Preface

Last year in July or so, I started to seriously learn C++ as it looked like a good choice for a second language. My first language was Python and it served me well for 2 years, but I felt it was a good time to switch to a language which allows to ‘peek under the hood’ if need arises. Modern C++ has come a long way from the “C with Classes” mindset, incorporating more features which allow high level abstractions while giving the programmer a tight control over the performance. This project was part of the Advanced C++ Tutorial, although my code deviates from author’s.

Mandelbrot fractal

The Mandelbrot set is a set of values in the complex plane where for every point z, the function f(z) = z^2 + c does not diverge. What this translates to while implementing in code is somewhat like this:

  1. Choose a point in our complex plane say, P (x, y).
  2. The test for convergence for a point in Mandelbrot set is to check the absolute value of function f(z), starting with z=0 and c=P. If this absolute value goes greater than 2, the sequence will escape to infinity. The maximum number of iterations per pixel are limited to 256.
  3. For pixels where iterations < 256, assign them a colour value. Else each pixel has black colour.
  4. Each pixel is bucketed based on the number of iterations and each bucket is assigned a colour.
  5. Now that every pixel has a colour assigned to it, draw the image.

The above steps will give you the most common Mandelbrot shape. Here’s mine in monochrome: improved mandelbrot

Once the value for the pixels has been calculated, we can zoom in on a point by repeating steps from 2 to 5. A number of points and their respective scaling factors can be added using the addZoom method for any FractalCreator object. The output will be generated iteratively after going through all points in the underlying storage provided by the ZoomList object.

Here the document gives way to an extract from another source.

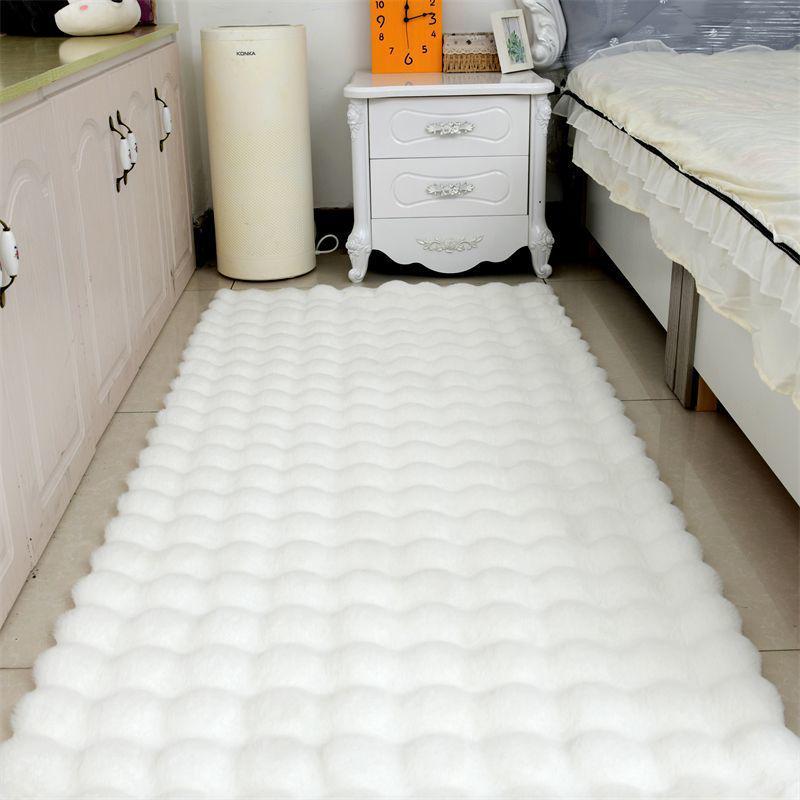 Trendiger Kurzflor-Teppich aus dickem Kunst-Kaninchenfell für Schlafzimmer und Wohnzimmer - Schmutzabweisend und mit samtiger Plüschtextur.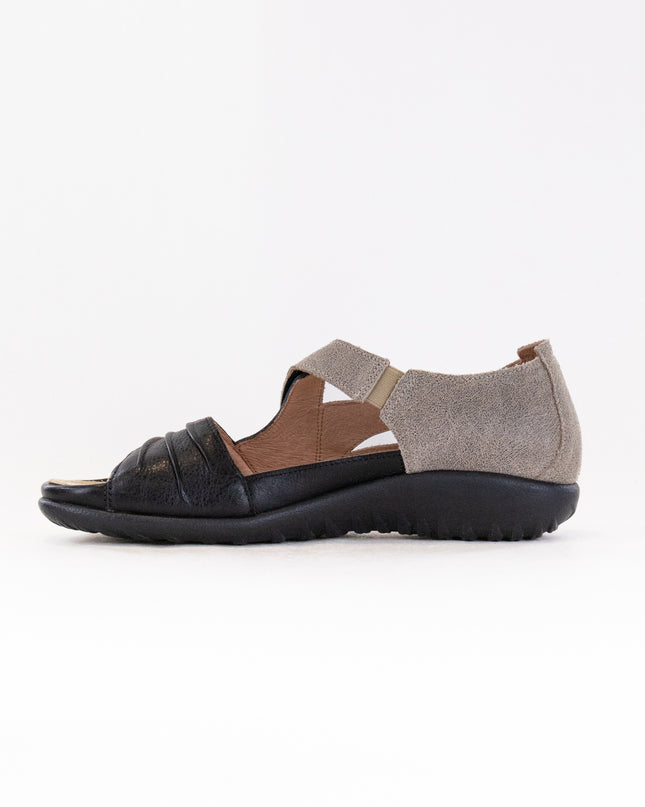 Naot Papaki (Women's) - Speckled Beige/Soft Black Leather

My choice of image format for this was bmp, which as it turns out was a pretty poor choice to write this Mandelbrot data in. The API for updating each pixel takes in x and y coordinates and the data array which contains the image pixel data. This assumes x and y coordinates start at the top left corner of an image whereas those for BMP file start from the bottom left corner which did not bode well once I made changes for the unistride access. The code for this is available on github.

Gallery

Here is a small collection of the generated images

original img

Original Mandelbrot

head and shoulders

Intersection between the two heads

seahorse1

The seahorse valley

seahorse2

Zooming in on the seahorse valley

zoom1

Zoom

zoom2

More Zoom

zoom3

Most Zoom

final one I promise

Final one I promise

Performance measurements

(Note that the first three iterations in every benchmarking run were ignored in the final computation to compensate for caching effects)

v1.0 and v1.1

As stated earlier, the initial implementation of FractalCreator::calculateIterations and FractalCreator::drawFractal methods was not optimal. I was iterating over row indices in a 2D array rather than column indices. Changing this lead to more than 25x reduction in time. Here is the relevant code diff between v1.0 and v1.1 for FractalCreator.cpp.

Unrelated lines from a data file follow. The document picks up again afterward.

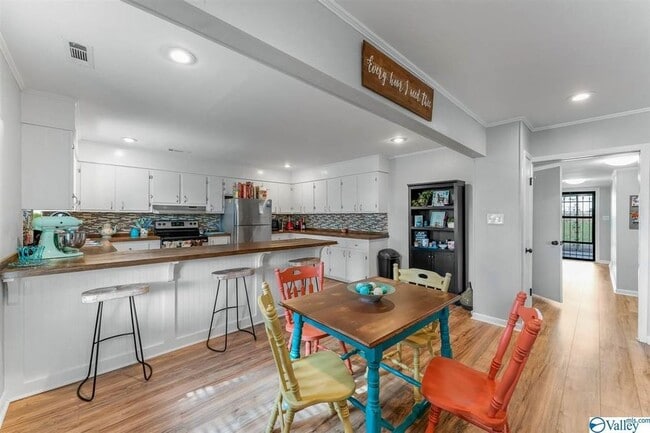 Building Photo - 623 E Tuscaloosa St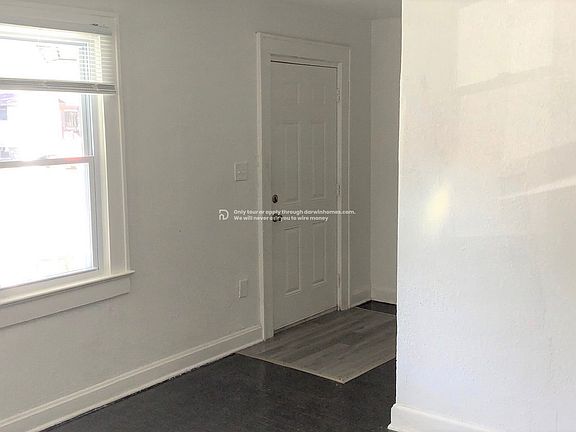5th image of 1140 Rowland Ave
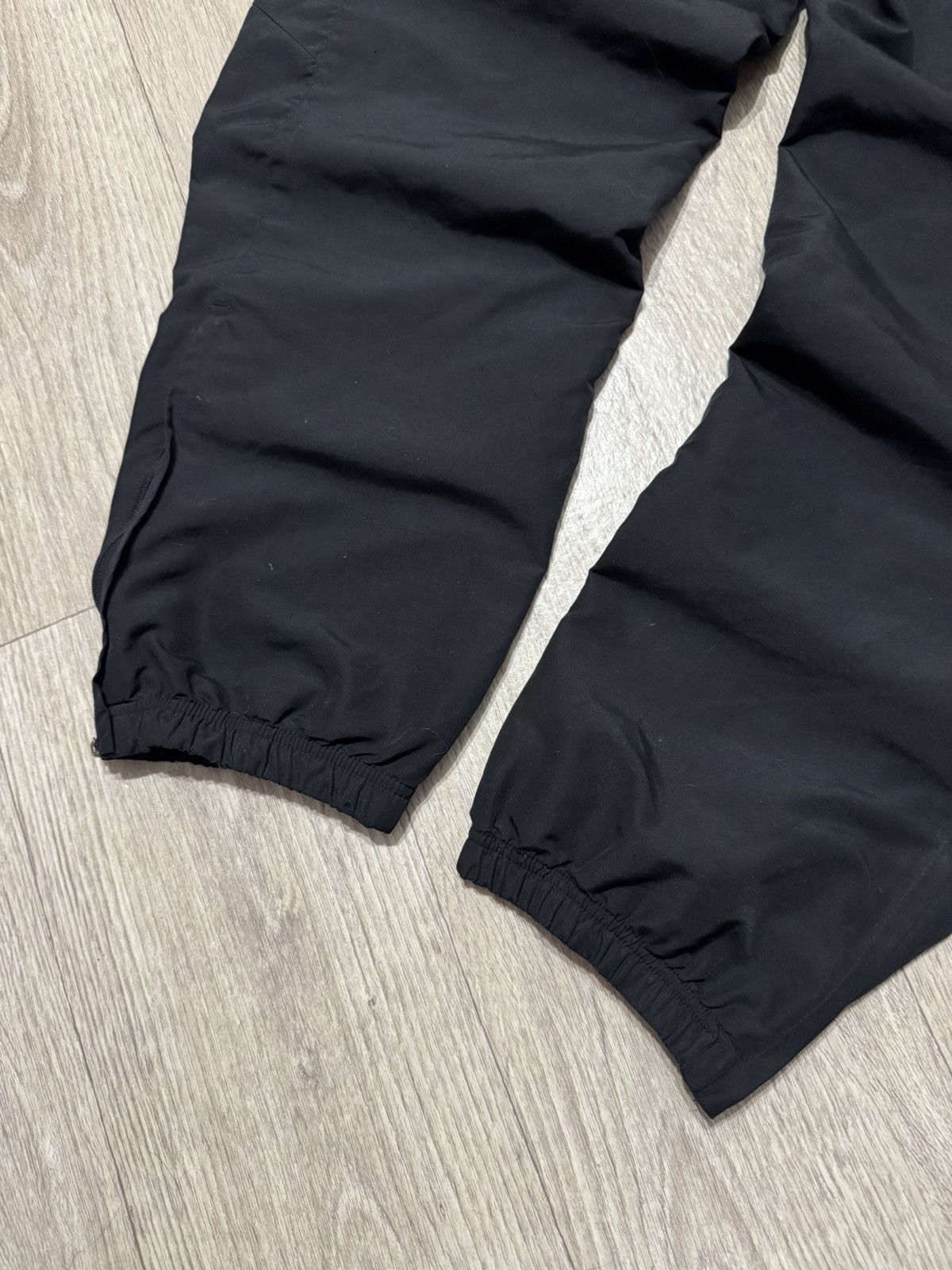Nike 🔷Vintage Nike Manchester United Drill Y2K Nylon Track Pants🔷 Size US 36 / EU 52 - 2 Thumbnail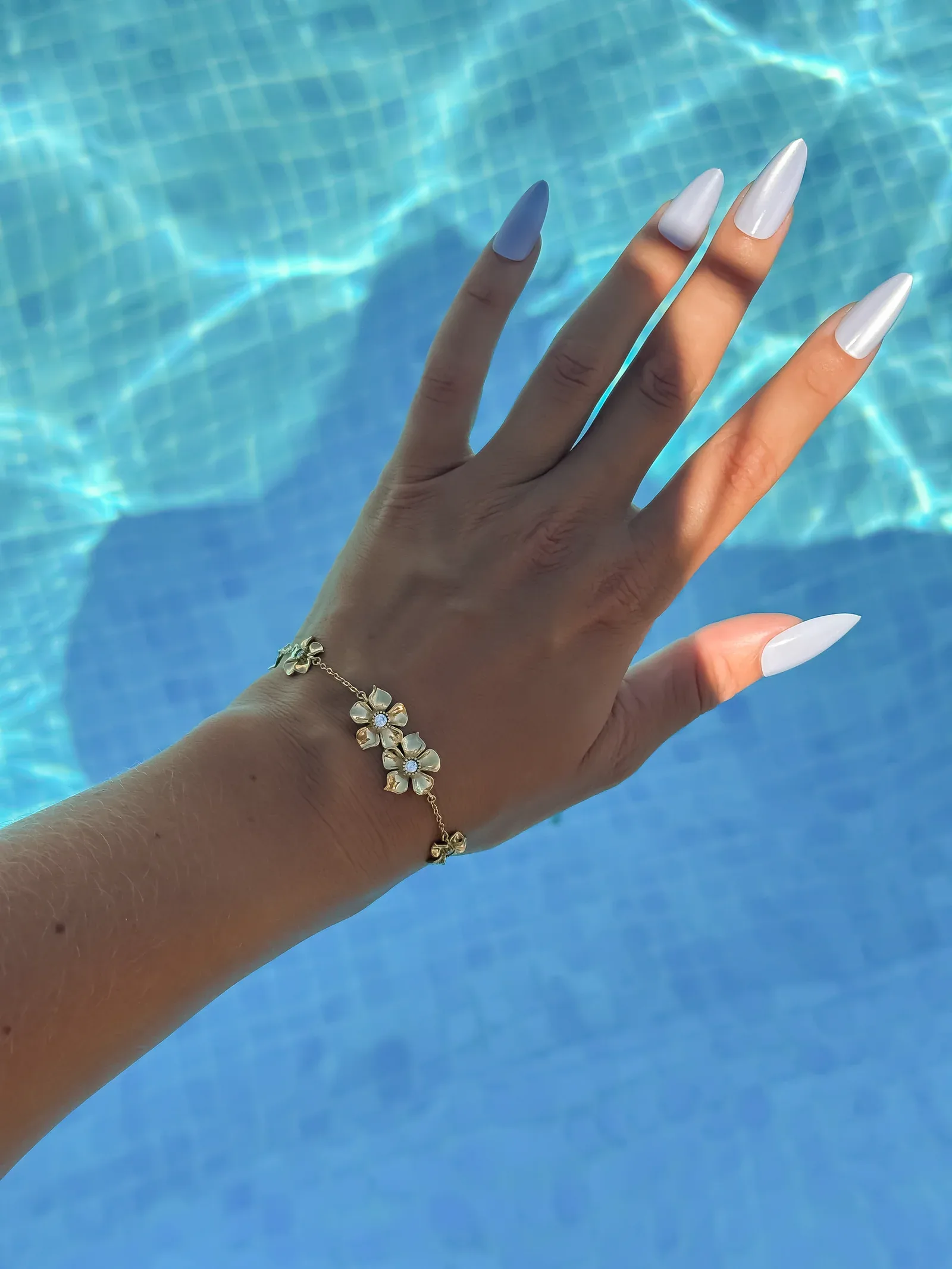 Gold stainless steel flower link bracelet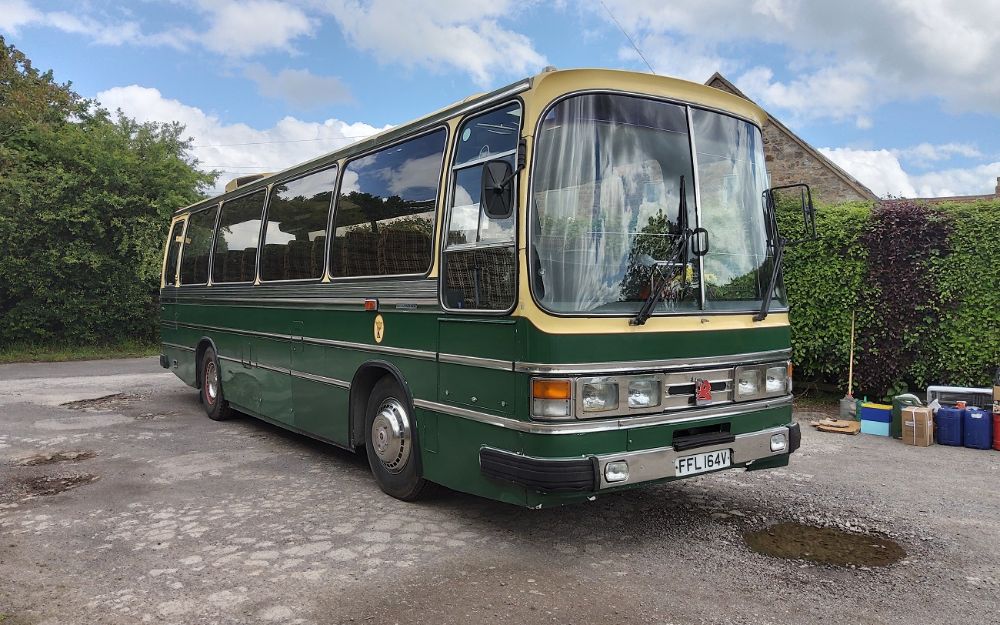 1980 (V) Bedford YLQ Duple Dominant II - Image 1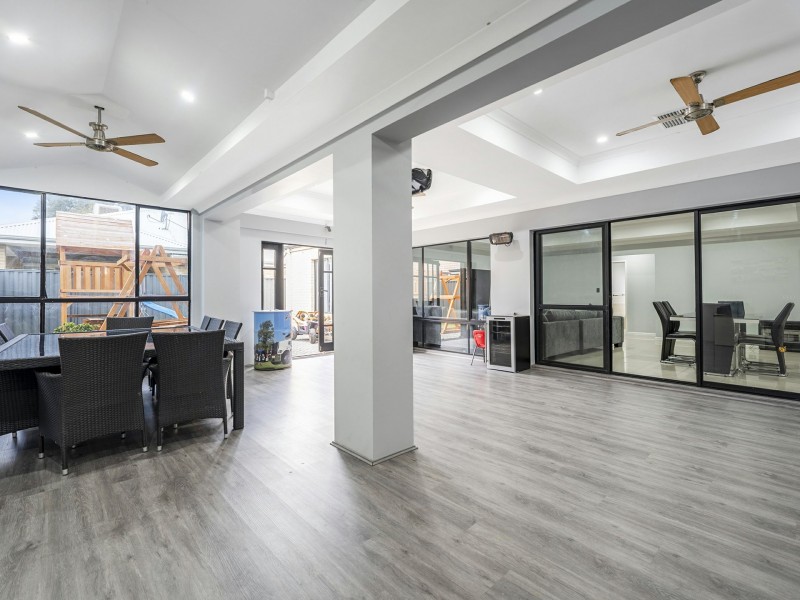 15 Stills Avenue, Harrisdale WA 6112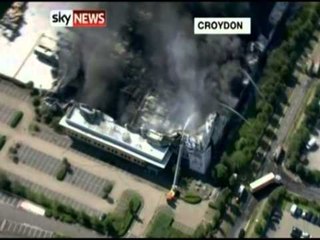 ANGLIA NE FLAKE KAMERON DENON DHUNEN,16 MIJE POLICE NE RRUGE LAJM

@@ -6 +6 @@ FractalCreator::FractalCreator(int width, int height) : m_width(width), m_height
-  m_iterationCounter(m_width, std::vector<int>(m_height, 0)),
+  m_iterationCounter(m_height, std::vector<int>(m_width, 0)),

@@ -20 +20 @@ void FractalCreator::calculateIterations()
-    for (int x = 0; x < m_width; x++)
+    for (int x = 0; x < m_height; ++x)

@@ -22 +22 @@ void FractalCreator::calculateIterations()
-        for (int y = 0; y < m_height; y++)
+        for (int y = 0; y < m_width; ++y)

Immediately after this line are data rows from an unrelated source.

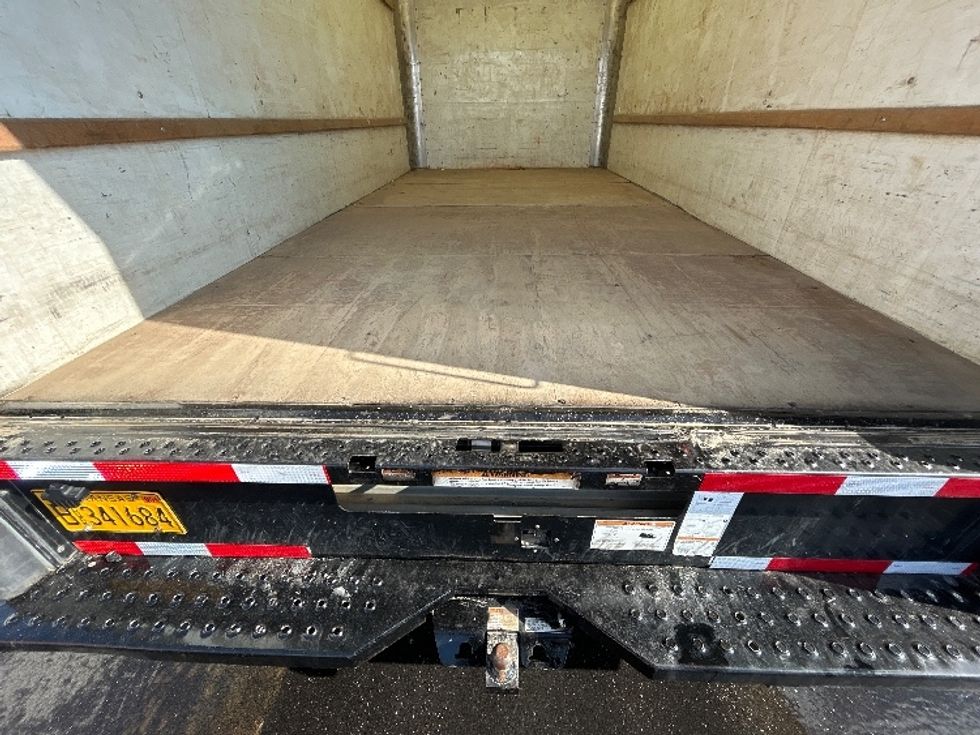 Light Duty Box Truck-Light and Medium Duty Trucks-GMC-2021-Savana G33903-Lowell-AR-90,701\n\t\tmiles-$ 30,250 - Image 8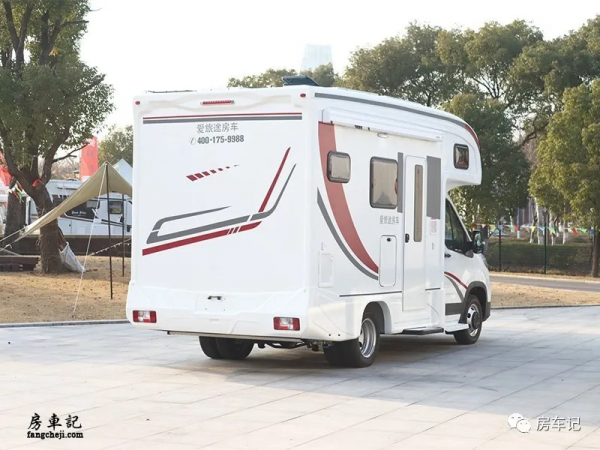 全新旅居車上市！愛旅途2022款大通V90C型房車，看點十足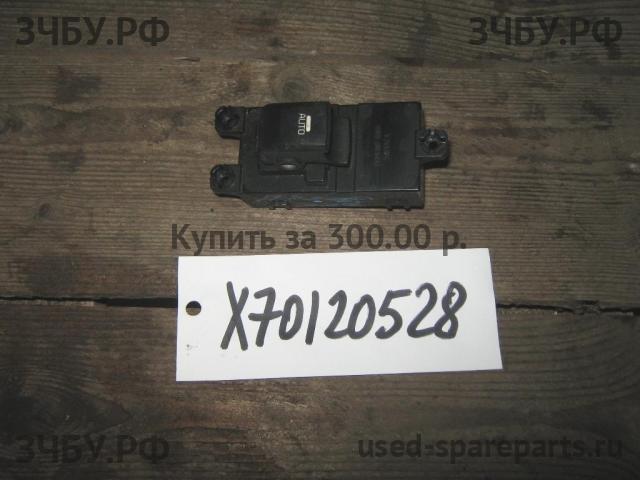 KIA Ceed 2 Кнопка стеклоподъемника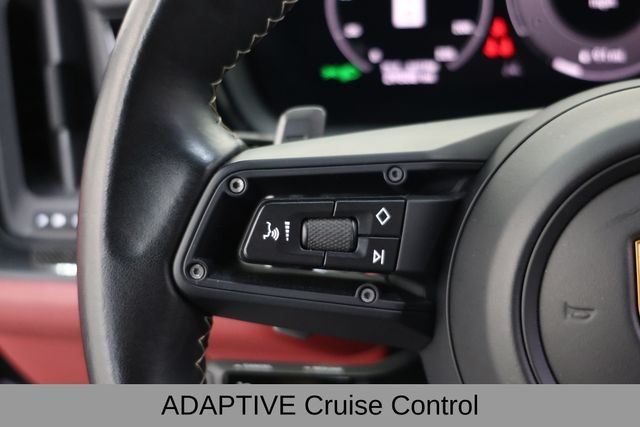 Porsche Cayenne Coupe Vehicle Image 35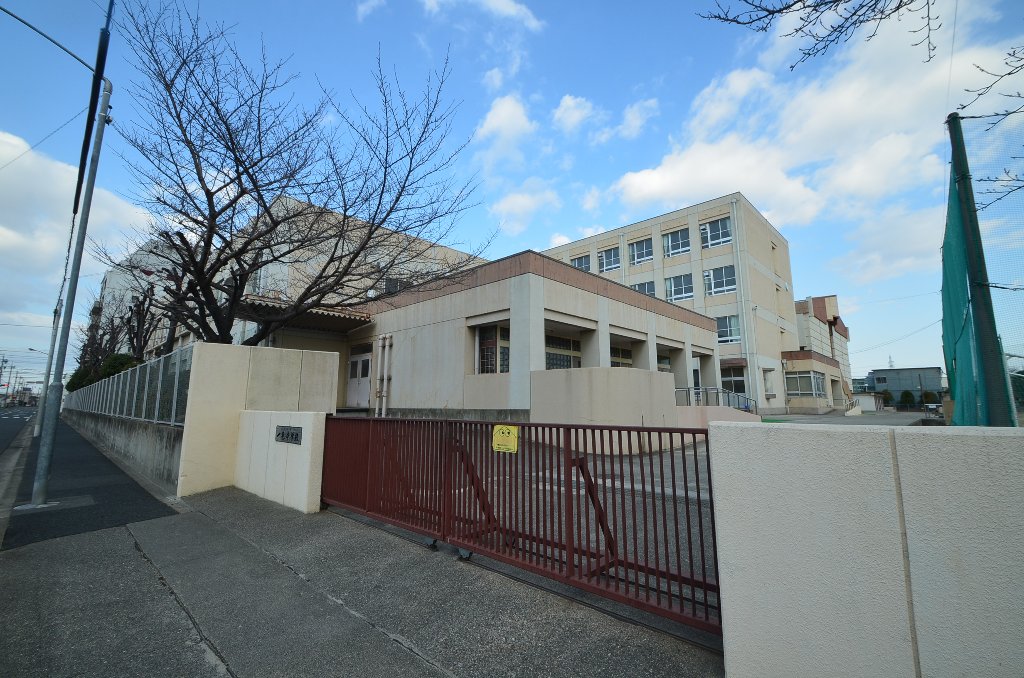 その他　名古屋市立一色中学校（その他）まで549m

@@ -42 +42 @@ void FractalCreator::drawFractal()
-    for (int x = 0; x < m_width; x++)
+    for (int x = 0; x < m_height; ++x)

@@ -44 +44 @@ void FractalCreator::drawFractal()
-        for (int y = 0; y < m_height; y++)
+        for (int y = 0; y < m_width; ++y)

Average timing for v1.0: v1.0Timing

Performance for v1.0: v1.0Perf

Average timing for v1.1: v1.1Timing

Performance for v1.1: v1.1Perf

The low number of cache references in v1.1 could be attributed to locality of reference, especially to spatial locality - where it is the tendency of a processor to make use of data within close storage locations. For example, say our cache size is 256 bits and the data to be processed is 16 bits long. It is likely that a contiguous 256-bit chunk of data, starting at our 16-bit data will be cached. Access to cache takes 0.5 ns while access to DRAM takes 100 ns. The source may be outdated, but the idea that cache access is much faster than main memory still prevails. So much so, that Intel in their Xeon Phi processors have implemented an on-package, high-bandwidth memory called MCDRAM. This can be configured as L3 cache with size upto 16GB which can allow entire application to be cached, which is especially helpful for high performance computing workloads. The case for data locality in caches is also highlighted in a section of Chandler Carruth’s CppCon 2014 talk. He talks about how bubble sort with O(n^2) runtime complexity will win over any other sorting algorithm for small datasets thanks to locality of reference.

The binary size for v1.1 was 31Kb, a massive improvement from 107Kb for v1.0, which could be due to the reduced number of instructions in the final executable.

Further optimizations can be done by using the OpenMP pragma for which allows us to use the inbuilt ‘worksharing’ constructs on multi-core processors by farming out chunks of data on multiple cores. I was running this on an 8 core machine so in total 8 threads were spawned. OpenMP provides a number of constructs for writing parallel code, which is definitely worthy of a completely different blog post.

Average timing for v1.2: v1.2Timing

Performance for v1.2: v1.2Perf

Notice the low number of cache misses and a 3x reduction in execution time. The only change from v1.1 to v1.2 was the addition of #pragma omp parallel for directive.

Conclusions

This project has definitely taught me a thing or two about procedural generation and writing data to files. But most importantly, there were some important learnings in writing performance-critical code. The performance improvements, however, has had an effect on output herein the generated image comes out rotated 90 degrees counterclockwise. I think that may be due to a quirk in BMP files’ spatial coordinates. There is definitely a lot of scope to improve and try out new things. Migrating the image writing part to SDL, adding keyboard navigation, advanced histogram colouring techniques are some things right off the top of my head. I hope to have an update on this sometime in future.

Till then, please do let me know your thoughts and if there are any grammatical/technical mistakes, I am happy to be corrected :)